Hay también formas de medir la pobreza directamente y el cuadro no es mejor. Recientemente la revista Proceso publicó un artículo sobre un documento de la Comisión Económica para América Latina y el Caribe (Cepal) donde muestra que nuestra situación no solo es mala en comparación con el resto de la región, sino que en los últimos 14 años se ha deteriorado.
En suma, estamos mal. ¿Podemos hacer algo? Creo que sí, y creo que la solución pasa por una especie de “cambio de religión” en el sentido en que tomé la frase de Max Neef más arriba: tenemos que dejar de creer en los dogmas del neoliberalismo, empezando por entender que ni podemos crecer eternamente ni eso resuelve ningún problema. Si acaso el crecimiento económico debería medirse contra el crecimiento poblacional para buscar alguna forma de sustentabilidad para nuestra descendencia.

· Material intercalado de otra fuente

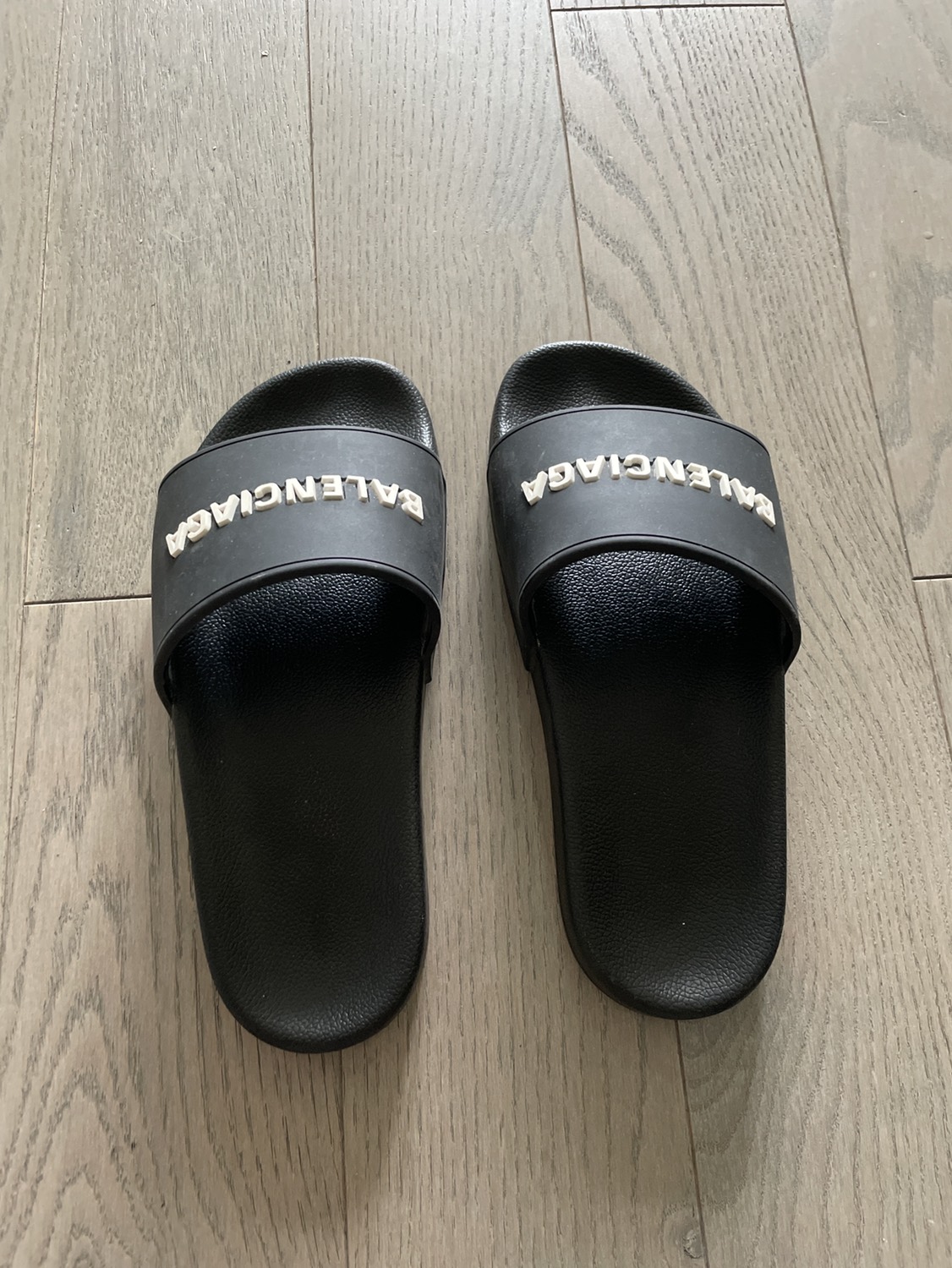 Balenciaga slippers image indicator(3)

Pero en el fondo lo que más ayudaría es un cambio de paradigma, por ejemplo algo como la economía circular que ya ha sido propuesta. Sin ánimos de repetir aquí el artículo citado, la idea a grandes rasgos es hacer énfasis en la reutilización de objetos o materiales; reparar las cosas, no reemplazarlas; rentar equipo, no necesariamente comprarlo; usar materiales biodegradables lo más que se pueda y desde luego estar atentos a la contaminación y al calentamiento global.
Decía Georges Clemenceau que la guerra es un asunto demasiado importante para confiárselo a los militares. Tal vez deberíamos adaptar la frase a la Economía y los economistas… necesitamos mucho menos dogmas y más raciocinio.